Input material
Start of Block

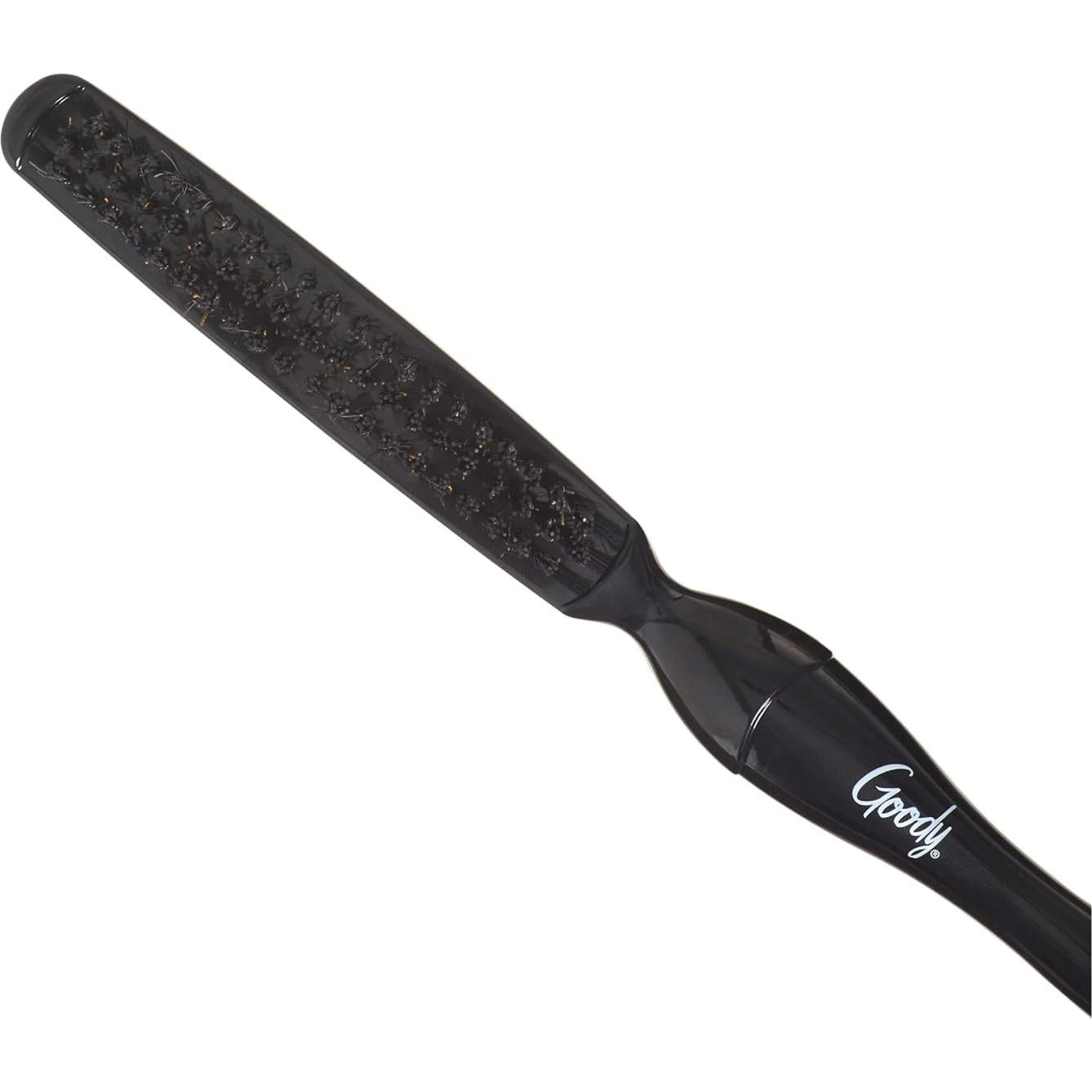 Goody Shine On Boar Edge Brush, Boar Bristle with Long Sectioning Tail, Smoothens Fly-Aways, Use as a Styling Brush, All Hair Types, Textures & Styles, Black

End of Block
Start of Block

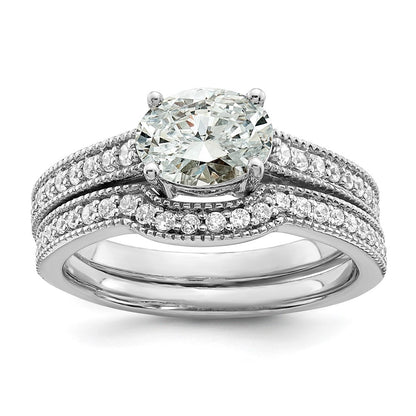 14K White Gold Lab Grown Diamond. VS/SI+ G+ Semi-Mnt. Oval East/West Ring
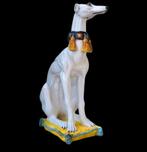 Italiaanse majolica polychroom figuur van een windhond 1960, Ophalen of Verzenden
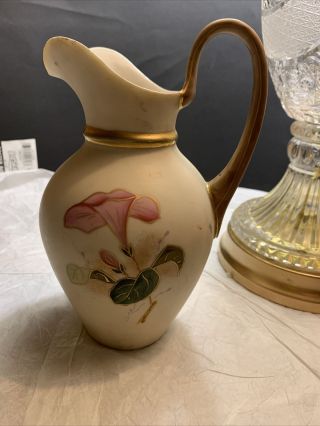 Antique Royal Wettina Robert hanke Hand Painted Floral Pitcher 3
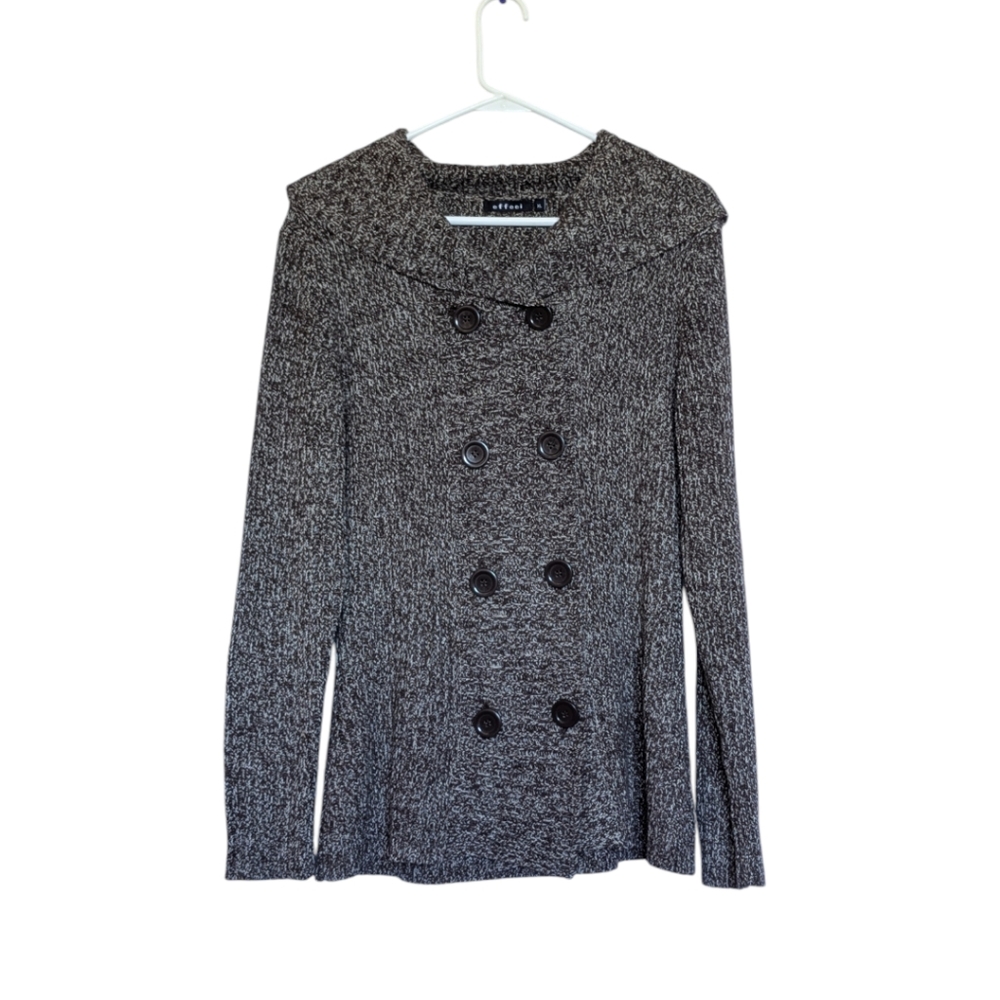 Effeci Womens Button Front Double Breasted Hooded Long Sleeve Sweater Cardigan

End of Block
Start of Block

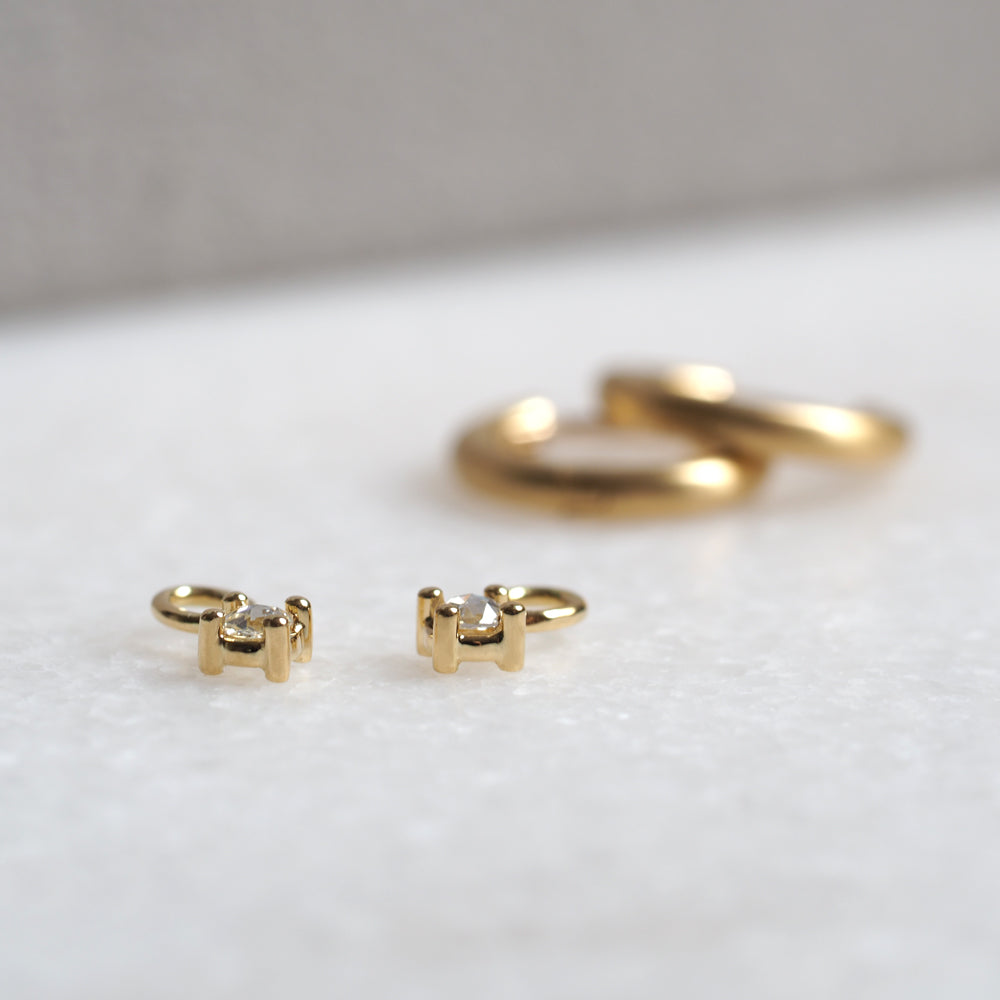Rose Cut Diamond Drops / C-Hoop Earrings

End of Block

Exercise goal
Copy exactly the material above from the line with "Antique Royal Wettina" to the line with "Effeci Womens Button", ends included, and nothing else. Leave out any picture.

Reply
 Antique Royal Wettina Robert hanke Hand Painted Floral Pitcher 3
 Effeci Womens Button Front Double Breasted Hooded Long Sleeve Sweater Cardigan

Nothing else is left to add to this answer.